» THE PROBLEM:
Aim for an exact copy of the listing, without any images.

--- COLLECTED MATERIAL ---

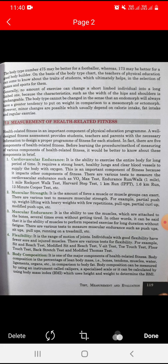Muscular endurance is the ability to use the muscles attached to the bones several times without getting tired. In other words, it is the ability of muscles to perform repeated exercise for a long duration without fatigue.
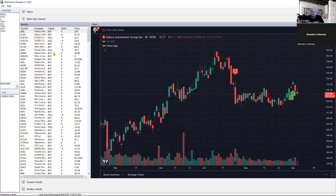The beta testers are already using the Expert Algo Scanner, which is fantastic. The next step is to build what's called a confluence meter — so if we get a scan for unusual activity, insider activity, and Expert Algo, and a stock appears on two or more of those, it will appear in our confluence scanner. We're also going to add that confluence to the main watch list.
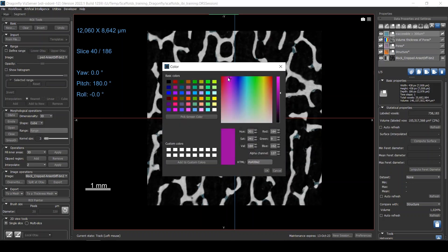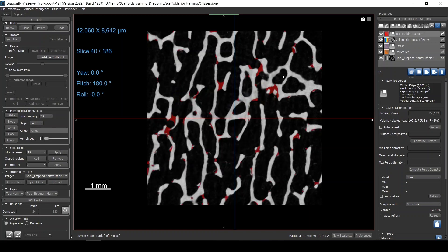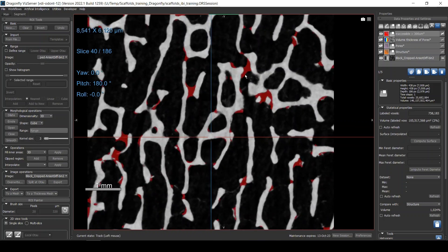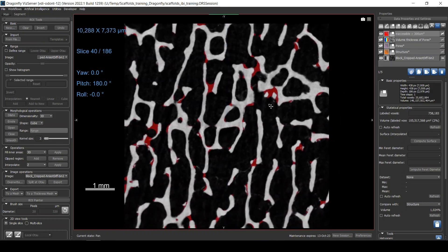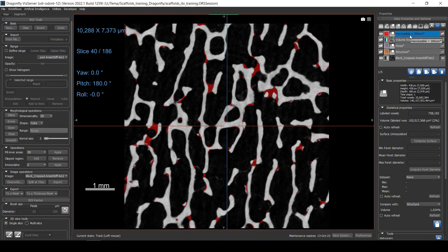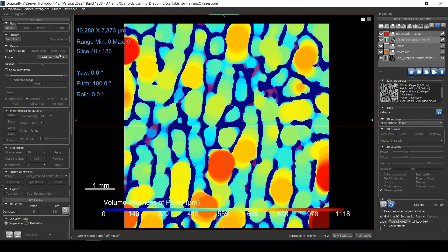I'll call this region 'inaccessible for larger than 300.' Let me give the scaffold a visible color so we can see it clearly. Now I can see the regions where, with a size of 300 micrometers, nothing can access — if you had a large cell 300 micrometers in diameter it couldn't reach those highlighted areas. Let's try another example: define the range from 1 to 500 micrometers to see what's inaccessible for objects larger than 500 micrometers.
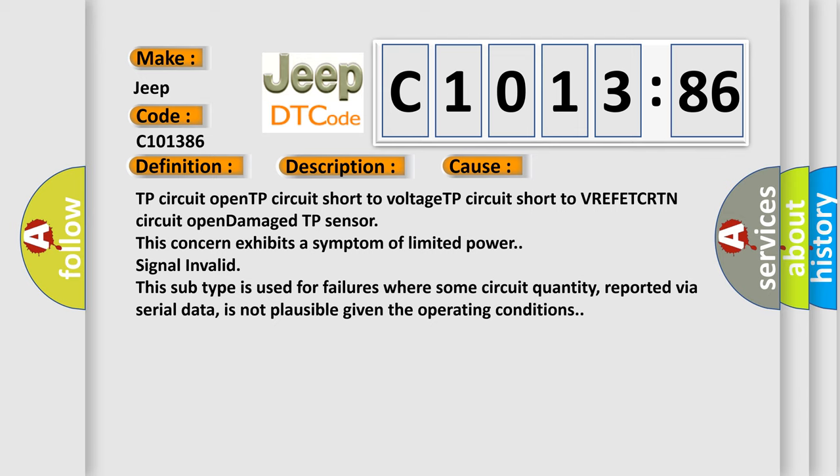TP circuit open, TP circuit short to voltage, TP circuit short to VREFET CRTN circuit open, damaged TP sensor.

---

» ANSWER SECTION:
Muscular endurance is the ability to use the muscles attached to the bones several times without getting tired. In other words, it is the ability of muscles to perform repeated exercise for a long duration without fatigue.
The beta testers are already using the Expert Algo Scanner, which is fantastic. The next step is to build what's called a confluence meter — so if we get a scan for unusual activity, insider activity, and Expert Algo, and a stock appears on two or more of those, it will appear in our confluence scanner. We're also going to add that confluence to the main watch list.
I'll call this region 'inaccessible for larger than 300.' Let me give the scaffold a visible color so we can see it clearly. Now I can see the regions where, with a size of 300 micrometers, nothing can access — if you had a large cell 300 micrometers in diameter it couldn't reach those highlighted areas. Let's try another example: define the range from 1 to 500 micrometers to see what's inaccessible for objects larger than 500 micrometers.
TP circuit open, TP circuit short to voltage, TP circuit short to VREFET CRTN circuit open, damaged TP sensor.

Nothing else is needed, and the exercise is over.